Therese: “One of our favourite quotes that we came up with is this: ‘If it is not inclusive, it is not progress’."
Therese was one of eight leading social entrepreneurs from Southeast Asia to spend a week in New Zealand in 2017 learning about the country and engaging with local counterparts.
The trip was part of the Foundation’s ASEAN Young Business Leaders Initiative (ASEAN YBLI), designed to build connections between the next generation of entrepreneurs in Southeast Asia and New Zealand.
“It was such a rich and enriching experience and community,” she says. “Being part of the ASAEAN YIBLI is eye-opening and heart-opening. It’s made me realise that even if we are from different parts of the world, we are still part of one community.”
Therese (far left) having coffee with fellow Southeast Asian entrepreneurs and Foundation staff while visiting New Zealand in 2017
Therese is the founding partner of Rags2Riches, a fashion and design house empowering community artisans from impoverished communities in Patayas, Quezon City in the Philippines.
She says most organisations marketing and selling cottage industry products are aggregators of goods which are exported. Once abroad they must compete with craft products from around the world and without a recognised brand it’s difficult to sustain sales.
“Rags2Riches is different in that it has an end-to-end inclusive supply chain with community training and product design expertise,” Therese explains. “It’s quite rare to have all of these in one enterprise but we got to this point because of years of trying to fill up the gaps – and then realising that we should do more than just filling up the gaps.
“Sure, we can link communities to markets, we can provide design expertise to these communities, and we can provide some aid in some form,” she says.
“However, each of these initiatives if done in silos will not be sustainable. We realised that we needed to also connect the dots and maintain this connection for the long-term.”
Rags2Riches partners with local artisans across the Philippines to create eco-ethical fashion and home accessories out of up-cycled cloth
Connecting the dots means that Rags2Riches not only pays fair wages to its artisan suppliers, it also provides opportunities to earn and learn through training or full-time employment. Training includes business development, values formation, financial literacy, nutrition and skills development.
“We’ve been around for over a decade, so we have hundreds of stories to share,” Therese says. "There are artisans who have been able to support their children throughout high school and even college or university. There are artisans who’ve been able to build their homes, purchase motorcycles, and fund side businesses as well.
“We have about 200 artisans and all their stories of transformation and going beyond survival are amazing and inspiring. But the common factor we realised is that all our artisans are now more confident about their skills and their capacity to achieve.”
Therese says the ethos of Rags2Riches is about empowering a community of artisans
Before Rag2Riches came into being in 2007, the women artisans were crafting rugs from cloth scraps foraged from the Quezon City dump site.
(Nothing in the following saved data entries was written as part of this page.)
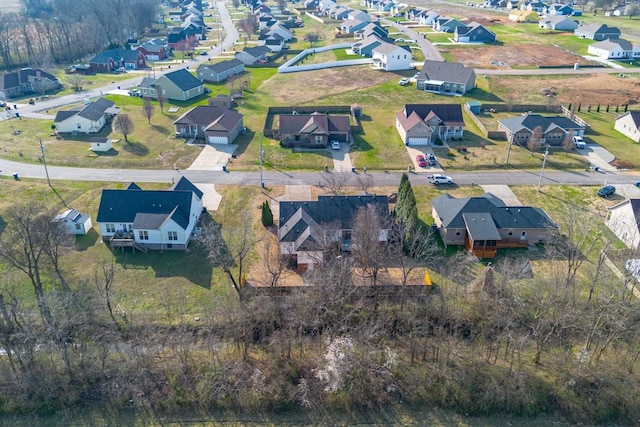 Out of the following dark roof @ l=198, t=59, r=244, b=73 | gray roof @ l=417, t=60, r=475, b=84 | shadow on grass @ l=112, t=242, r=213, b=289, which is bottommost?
shadow on grass @ l=112, t=242, r=213, b=289

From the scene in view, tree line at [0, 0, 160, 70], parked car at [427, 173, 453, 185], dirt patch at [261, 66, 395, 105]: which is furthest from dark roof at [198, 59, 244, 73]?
parked car at [427, 173, 453, 185]

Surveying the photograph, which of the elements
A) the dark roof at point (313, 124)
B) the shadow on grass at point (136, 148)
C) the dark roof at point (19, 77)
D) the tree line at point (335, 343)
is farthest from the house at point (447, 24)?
the tree line at point (335, 343)

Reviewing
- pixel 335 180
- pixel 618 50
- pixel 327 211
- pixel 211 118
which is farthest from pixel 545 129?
pixel 618 50

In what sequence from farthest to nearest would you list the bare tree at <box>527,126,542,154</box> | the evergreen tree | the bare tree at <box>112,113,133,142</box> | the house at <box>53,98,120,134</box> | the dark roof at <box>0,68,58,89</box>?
the dark roof at <box>0,68,58,89</box> < the house at <box>53,98,120,134</box> < the bare tree at <box>112,113,133,142</box> < the bare tree at <box>527,126,542,154</box> < the evergreen tree

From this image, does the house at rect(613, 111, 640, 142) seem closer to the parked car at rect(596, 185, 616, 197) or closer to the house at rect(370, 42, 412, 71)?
the parked car at rect(596, 185, 616, 197)

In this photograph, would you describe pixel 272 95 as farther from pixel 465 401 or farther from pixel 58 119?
pixel 465 401

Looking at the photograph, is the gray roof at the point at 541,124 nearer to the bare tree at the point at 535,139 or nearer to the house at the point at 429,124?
the bare tree at the point at 535,139

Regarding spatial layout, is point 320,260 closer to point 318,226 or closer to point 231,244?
point 318,226
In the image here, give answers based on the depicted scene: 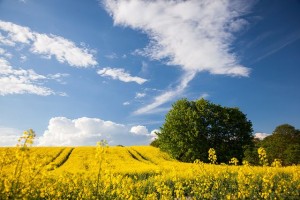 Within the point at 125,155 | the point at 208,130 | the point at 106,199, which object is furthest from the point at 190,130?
the point at 106,199

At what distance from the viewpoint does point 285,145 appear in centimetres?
5600

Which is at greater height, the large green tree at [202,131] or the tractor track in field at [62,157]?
the large green tree at [202,131]

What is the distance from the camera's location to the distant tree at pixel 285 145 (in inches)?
1948

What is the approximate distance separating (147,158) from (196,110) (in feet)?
36.3

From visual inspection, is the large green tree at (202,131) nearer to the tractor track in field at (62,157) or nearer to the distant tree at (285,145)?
the distant tree at (285,145)

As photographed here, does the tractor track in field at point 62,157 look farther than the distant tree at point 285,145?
No

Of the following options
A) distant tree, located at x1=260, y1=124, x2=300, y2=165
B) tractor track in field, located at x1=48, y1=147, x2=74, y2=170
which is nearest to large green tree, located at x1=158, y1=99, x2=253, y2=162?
distant tree, located at x1=260, y1=124, x2=300, y2=165

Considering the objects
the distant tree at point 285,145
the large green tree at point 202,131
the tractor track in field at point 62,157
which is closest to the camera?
the tractor track in field at point 62,157

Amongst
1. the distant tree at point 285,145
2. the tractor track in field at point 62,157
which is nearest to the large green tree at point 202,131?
the distant tree at point 285,145

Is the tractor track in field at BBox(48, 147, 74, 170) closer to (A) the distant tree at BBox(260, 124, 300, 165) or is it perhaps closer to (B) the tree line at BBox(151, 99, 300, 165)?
(B) the tree line at BBox(151, 99, 300, 165)

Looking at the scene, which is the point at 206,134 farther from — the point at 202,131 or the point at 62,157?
the point at 62,157

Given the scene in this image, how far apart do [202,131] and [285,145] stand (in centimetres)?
1896

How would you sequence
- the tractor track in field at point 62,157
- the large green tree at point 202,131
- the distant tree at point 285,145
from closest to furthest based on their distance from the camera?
the tractor track in field at point 62,157, the large green tree at point 202,131, the distant tree at point 285,145

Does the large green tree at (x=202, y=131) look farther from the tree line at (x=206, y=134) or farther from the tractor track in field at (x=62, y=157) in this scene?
the tractor track in field at (x=62, y=157) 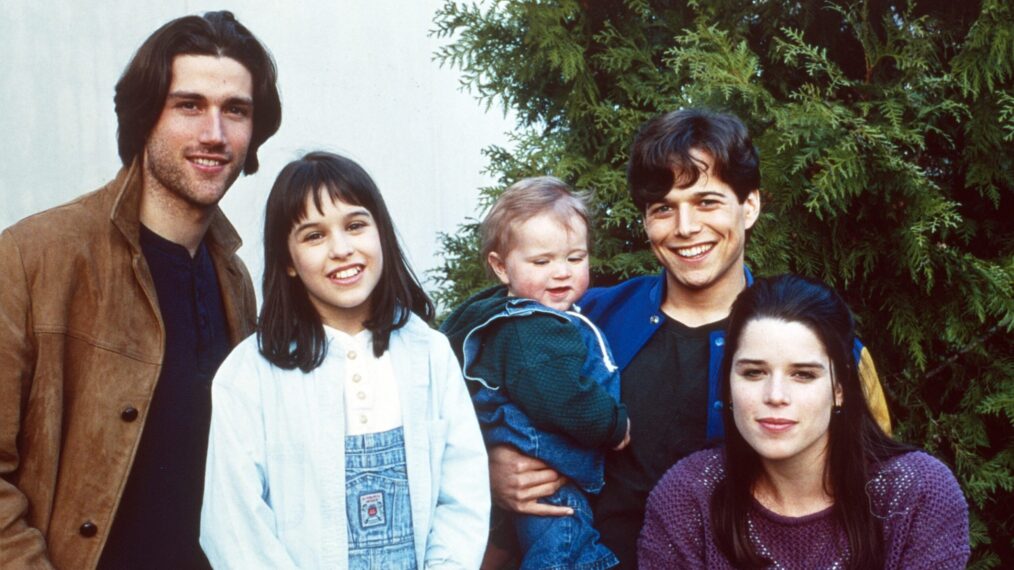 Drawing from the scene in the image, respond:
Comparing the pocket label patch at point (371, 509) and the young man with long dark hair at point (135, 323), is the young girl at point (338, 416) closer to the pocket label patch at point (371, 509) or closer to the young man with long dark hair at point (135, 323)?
the pocket label patch at point (371, 509)

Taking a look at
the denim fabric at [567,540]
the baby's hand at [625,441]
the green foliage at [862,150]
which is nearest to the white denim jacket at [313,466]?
the denim fabric at [567,540]

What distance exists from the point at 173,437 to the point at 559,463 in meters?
1.07

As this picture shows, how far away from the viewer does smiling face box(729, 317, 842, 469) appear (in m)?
2.47

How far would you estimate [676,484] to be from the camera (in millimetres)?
2646

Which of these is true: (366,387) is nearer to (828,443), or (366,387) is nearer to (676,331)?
(676,331)

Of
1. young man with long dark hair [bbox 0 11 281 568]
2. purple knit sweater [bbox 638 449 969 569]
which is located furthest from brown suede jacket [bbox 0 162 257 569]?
purple knit sweater [bbox 638 449 969 569]

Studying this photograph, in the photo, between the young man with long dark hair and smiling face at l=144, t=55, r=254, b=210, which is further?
smiling face at l=144, t=55, r=254, b=210

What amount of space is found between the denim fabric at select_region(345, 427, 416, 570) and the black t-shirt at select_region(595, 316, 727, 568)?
637 mm

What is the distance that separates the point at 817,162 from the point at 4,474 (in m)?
2.70

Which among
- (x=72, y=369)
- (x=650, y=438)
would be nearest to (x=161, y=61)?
(x=72, y=369)

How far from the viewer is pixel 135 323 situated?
2.57 metres

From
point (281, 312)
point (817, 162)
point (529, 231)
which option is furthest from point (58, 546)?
point (817, 162)

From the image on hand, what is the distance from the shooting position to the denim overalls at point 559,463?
2.73 meters

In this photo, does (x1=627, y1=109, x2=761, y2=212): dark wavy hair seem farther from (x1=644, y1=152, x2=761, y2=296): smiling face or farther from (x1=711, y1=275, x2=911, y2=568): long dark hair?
(x1=711, y1=275, x2=911, y2=568): long dark hair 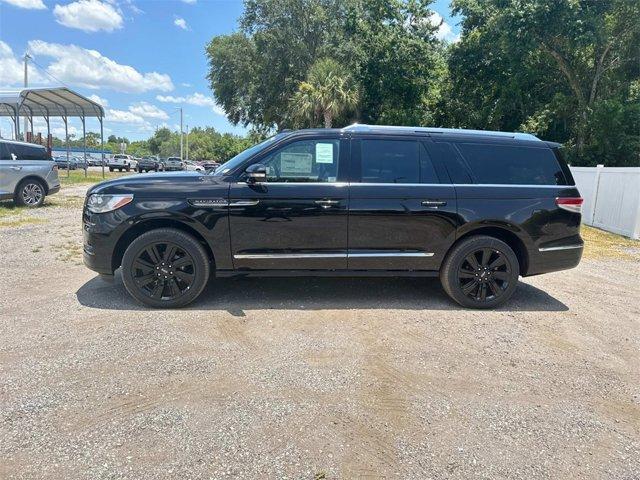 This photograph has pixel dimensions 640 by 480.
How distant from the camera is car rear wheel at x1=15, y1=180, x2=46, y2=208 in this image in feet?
39.0

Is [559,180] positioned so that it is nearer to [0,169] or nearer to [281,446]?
[281,446]

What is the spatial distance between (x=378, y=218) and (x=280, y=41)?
1090 inches

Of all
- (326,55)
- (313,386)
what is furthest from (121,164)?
(313,386)

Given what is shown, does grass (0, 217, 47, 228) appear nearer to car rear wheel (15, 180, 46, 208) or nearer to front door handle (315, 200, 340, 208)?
car rear wheel (15, 180, 46, 208)

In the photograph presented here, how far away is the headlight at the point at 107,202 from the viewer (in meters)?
4.59

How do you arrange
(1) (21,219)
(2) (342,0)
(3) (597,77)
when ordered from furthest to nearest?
(2) (342,0) < (3) (597,77) < (1) (21,219)

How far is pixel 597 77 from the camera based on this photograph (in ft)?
65.2

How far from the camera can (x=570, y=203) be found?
16.7 ft

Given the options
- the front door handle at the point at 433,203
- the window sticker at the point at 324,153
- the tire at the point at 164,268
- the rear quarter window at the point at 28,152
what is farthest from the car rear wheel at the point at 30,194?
the front door handle at the point at 433,203

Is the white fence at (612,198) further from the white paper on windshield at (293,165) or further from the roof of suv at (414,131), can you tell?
the white paper on windshield at (293,165)

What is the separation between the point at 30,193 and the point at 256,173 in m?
10.4

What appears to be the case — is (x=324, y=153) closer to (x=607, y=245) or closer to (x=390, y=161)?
(x=390, y=161)

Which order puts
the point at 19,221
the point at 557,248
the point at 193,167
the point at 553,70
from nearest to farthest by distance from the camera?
the point at 557,248
the point at 19,221
the point at 553,70
the point at 193,167

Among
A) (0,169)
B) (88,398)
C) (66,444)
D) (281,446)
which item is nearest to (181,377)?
(88,398) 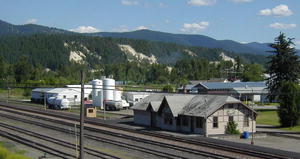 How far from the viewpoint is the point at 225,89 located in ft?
374

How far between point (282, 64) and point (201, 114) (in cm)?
4187

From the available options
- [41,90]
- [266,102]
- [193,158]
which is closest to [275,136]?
[193,158]

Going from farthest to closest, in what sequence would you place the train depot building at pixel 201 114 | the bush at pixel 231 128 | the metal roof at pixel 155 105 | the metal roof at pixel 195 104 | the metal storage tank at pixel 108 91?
the metal storage tank at pixel 108 91
the metal roof at pixel 155 105
the bush at pixel 231 128
the metal roof at pixel 195 104
the train depot building at pixel 201 114

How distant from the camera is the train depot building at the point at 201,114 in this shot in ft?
171

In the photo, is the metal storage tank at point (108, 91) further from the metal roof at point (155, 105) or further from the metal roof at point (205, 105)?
the metal roof at point (205, 105)

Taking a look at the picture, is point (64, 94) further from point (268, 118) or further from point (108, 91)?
point (268, 118)

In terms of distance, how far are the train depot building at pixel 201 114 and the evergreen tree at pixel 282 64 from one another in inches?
1372

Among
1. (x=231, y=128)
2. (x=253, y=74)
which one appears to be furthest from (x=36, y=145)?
(x=253, y=74)

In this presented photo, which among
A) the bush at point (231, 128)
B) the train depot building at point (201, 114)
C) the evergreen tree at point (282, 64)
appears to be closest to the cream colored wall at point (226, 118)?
the train depot building at point (201, 114)

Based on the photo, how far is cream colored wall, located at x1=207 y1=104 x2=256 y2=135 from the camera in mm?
51906

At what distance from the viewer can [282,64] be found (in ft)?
290

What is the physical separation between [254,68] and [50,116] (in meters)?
107

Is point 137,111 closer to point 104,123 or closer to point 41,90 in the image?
Result: point 104,123

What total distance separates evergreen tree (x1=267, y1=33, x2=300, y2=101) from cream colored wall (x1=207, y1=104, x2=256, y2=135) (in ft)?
117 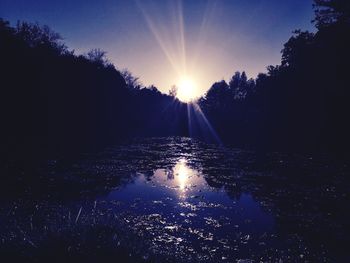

Rags2Riches worked with them to improve their simple basket weave in order to make a range of high quality and high value bags.
Today the company recycles over 800 tonnes of factory scrap material as well as using indigenous fabrics sourced from communities from all over the Philippines. Rags2Riches is also preparing the company and its corporate structure to welcome artisan shareholders.
“In the beginning, the problems were supply and artisan training. But now, especially with the COVID-19 pandemic, we are more challenged to learn fast, pivot some of our products, and use our existing skills and assets to continue creating opportunities for our artisans,” Therese says.
“One of our favourite quotes that we came up with is this: ‘If it is not inclusive, it is not progress’. Our vision for Rags2Riches is to become a truly inclusive design house empowering community artisans and co-owned by community artisans.
“This means that we need to build this company to become more sustainable, more intentional, and sustainably scalable.”
Back in 2017 Therese was pondering the possibility of New Zealand-based entrepreneurs collaborating with Rags2Riches and its community artisans.
“We’ve all been in touch with each other, but we have not yet collaborated,” she admits. “It was challenging to think of collaboration opportunities and actually act on them because of our distance. But I would definitely love to work with New Zealanders soon, maybe even especially now when the world is going through this very challenging time.
“It may be a good time to reconnect and start conversations or even hold virtual conferences with New Zealand-based entrepreneurs and entrepreneurs from all over Asia.”
Reese will be speaking as part of a Festival for the Future event bringing together social entrepreneurs from Indonesia, Thailand and the Philippines to discuss sustainability and Southeast Asia as a hub of innovation and creativity.